A tech company searching for the site of its future headquarters may not want to pay for being in the most expensive cities yet would want access to a reasonably sized, skilled tech labor force. $k$-means condenses the data of competitiveness into a simple list of where tech is concentrated. The smaller of the two clusters contains $n = 526$ counties, which is comprised of iconic high-tech areas such as San Francisco and Santa Clara in California as well as large cities such as New York City (New York City) and Seattle (King County, WA). The same cluster finds less expensive and less densely populated alternatives like Durham, NC and Arlington, VA -- both of which are growing centers of technical excellence. In essence, clustering can identify smart alternatives to inform the selection process.
Despite these promising use cases, keep in mind there are limitations.

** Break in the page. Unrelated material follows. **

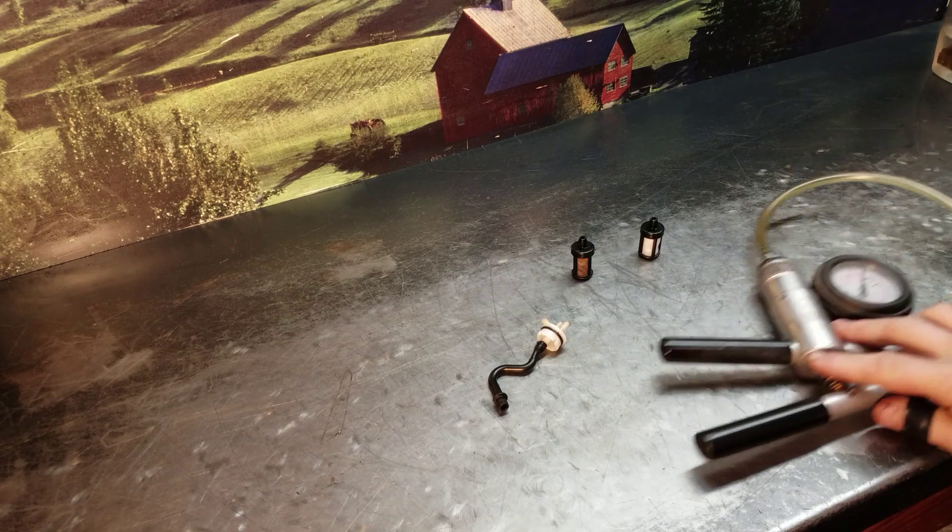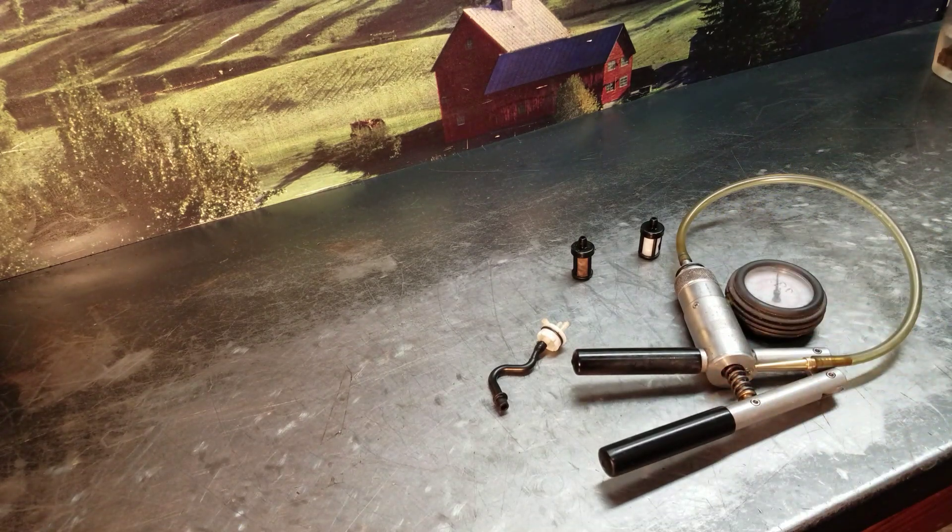Hi everyone. Welcome to Shop Talk. We talk a lot on Shop Talk about pressure vacuum gauges. I use one daily, many, many times a day.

From an ethical perspective, cluster analysis based on the past performance of regions might be a self-fulfilling prophecy. Well-resourced areas will continue to draw more attention and resources, ignoring promising areas. Furthermore, clustering on past data does not provide any indication of future performance of counties. For $k$-means, in particular, the outputs are "flat" -- cluster labels are one dimensional and ignores the rich context that shows how some observations are more like some than others. Alternative methods might be more useful in capturing that context. As we will see in the following section, hierarchical clustering is a step in that direction.